··· Given entries ···

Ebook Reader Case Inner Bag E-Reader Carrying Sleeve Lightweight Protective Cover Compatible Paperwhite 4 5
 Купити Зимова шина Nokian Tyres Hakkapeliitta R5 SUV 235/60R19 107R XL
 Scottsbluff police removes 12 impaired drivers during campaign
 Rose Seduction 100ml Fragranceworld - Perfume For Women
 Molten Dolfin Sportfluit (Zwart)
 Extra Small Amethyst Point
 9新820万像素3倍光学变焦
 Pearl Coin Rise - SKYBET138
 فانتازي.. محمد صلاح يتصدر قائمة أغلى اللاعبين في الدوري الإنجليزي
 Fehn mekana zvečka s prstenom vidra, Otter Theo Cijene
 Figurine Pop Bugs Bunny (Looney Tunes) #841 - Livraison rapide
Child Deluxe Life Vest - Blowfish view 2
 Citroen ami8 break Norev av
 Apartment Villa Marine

···

**Task directions**
Please restate each record exactly as it reads.

**Answer space**
Ebook Reader Case Inner Bag E-Reader Carrying Sleeve Lightweight Protective Cover Compatible Paperwhite 4 5
 Купити Зимова шина Nokian Tyres Hakkapeliitta R5 SUV 235/60R19 107R XL
 Scottsbluff police removes 12 impaired drivers during campaign
 Rose Seduction 100ml Fragranceworld - Perfume For Women
 Molten Dolfin Sportfluit (Zwart)
 Extra Small Amethyst Point
 9新820万像素3倍光学变焦
 Pearl Coin Rise - SKYBET138
 فانتازي.. محمد صلاح يتصدر قائمة أغلى اللاعبين في الدوري الإنجليزي
 Fehn mekana zvečka s prstenom vidra, Otter Theo Cijene
 Figurine Pop Bugs Bunny (Looney Tunes) #841 - Livraison rapide
Child Deluxe Life Vest - Blowfish view 2
 Citroen ami8 break Norev av
 Apartment Villa Marine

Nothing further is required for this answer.